Seth agreed to a lot when he married me.
He agreed to stick with me through good times and bad, for richer or poorer, in sickness and in health.
I don’t think he realized it wasn’t just my sickness or my health. It was also Edgar’s.
Earlier last week we took Edgar to the vet to get his vaccines updated and to get a little check-up. We hadn’t been to the vet since last summer when he jumped out of a first story window…and then a second story one…and then ate an entire batch of oatmeal raisin cookies. We’d racked up enough frequent flyer miles for the year. And aside from a having a dog whisper visit the house, he hadn’t required much follow-up care.
While we were there, we asked the vet to examine what we thought to be a hernia. I was told the little nickel-sized protrusion on the center of his ribs was just that when I adopted Edgar. “Happens all the time. Lots of dogs get them. If it doesn’t grow and doesn’t get hard, don’t worry about it.” For two years, it neither grew nor hardened. All was well with his undercarriage.

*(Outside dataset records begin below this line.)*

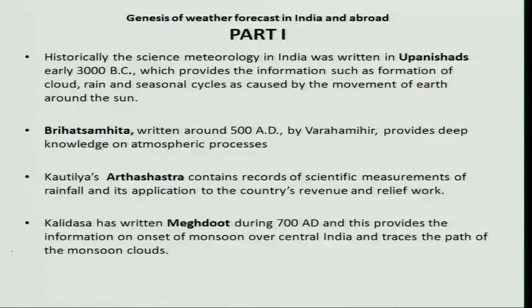Dear students, in the last class we have seen crop weather interaction for sunflower and mustard. In this class, we will like to see the genesis of weather forecast in India and abroad.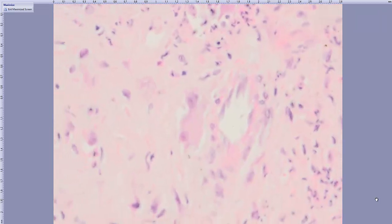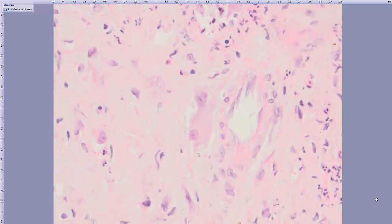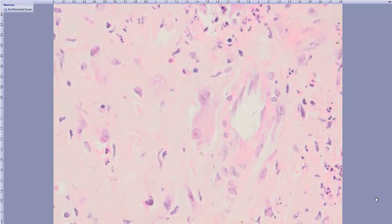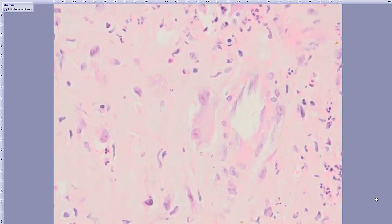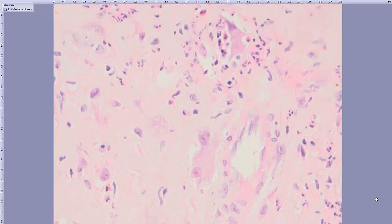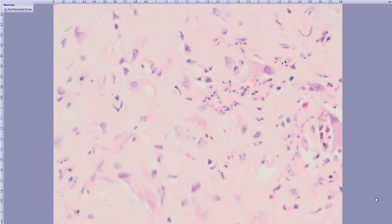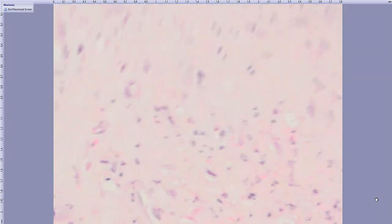Some of them look like Reed-Sternberg-like or virocyte-like cells.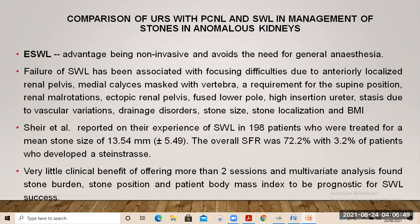Shear et al. reported the experience of ESWL in 198 patients with a mean stone size of 13.5 mm. Overall stone-free rates were 72%, with 3% of patients developing complications. There was very little clinical benefit to offering more than 2 sessions of ESWL. Multivariate analysis found that stone burden, stone position, and patient body mass index were factors affecting ESWL outcomes.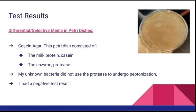Some more tests that I performed were in petri dishes through differential and selective media. One kind of media I used was casein agar, and my bacteria had a negative test result — no clear halo formed around my bacteria, so it did not utilize the enzyme protease and did not undergo peptinization.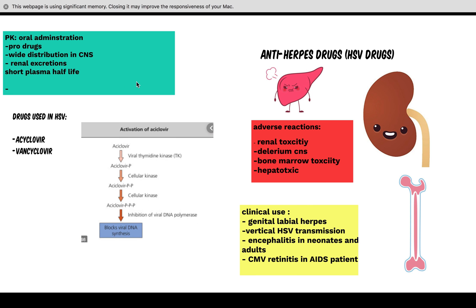Pharmacokinetically, acyclovir and valacyclovir are prodrugs, widely distributed in the CNS, and excreted renally. Their main adverse reactions are renal toxicity, bone marrow toxicity, hepatotoxic effects, and CNS effects such as seizures and delirium. Clinical uses include genital and labial herpes, prevention of vertical HSV transmission between mother and child, encephalitis in neonates and adults, and cytomegalovirus retinitis in AIDS patients. When treating HSV, think acyclovir and valacyclovir, and remember nephrotoxicity as the main adverse reaction.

Then, while Seth and I were away on our mini-moon and my mom watched Edgar, it got a little bigger and a little darker. Not too much cause for concern, but if we were going to be at the vet, we may as well get it checked out. So, she drew fluid. And informed us it wasn’t a hernia but, was in fact a xiphoid cyst. And still absolutely nothing to worry about. It was simply bigger and darker because he’d bruised it. Ok, cool.
Or so we thought.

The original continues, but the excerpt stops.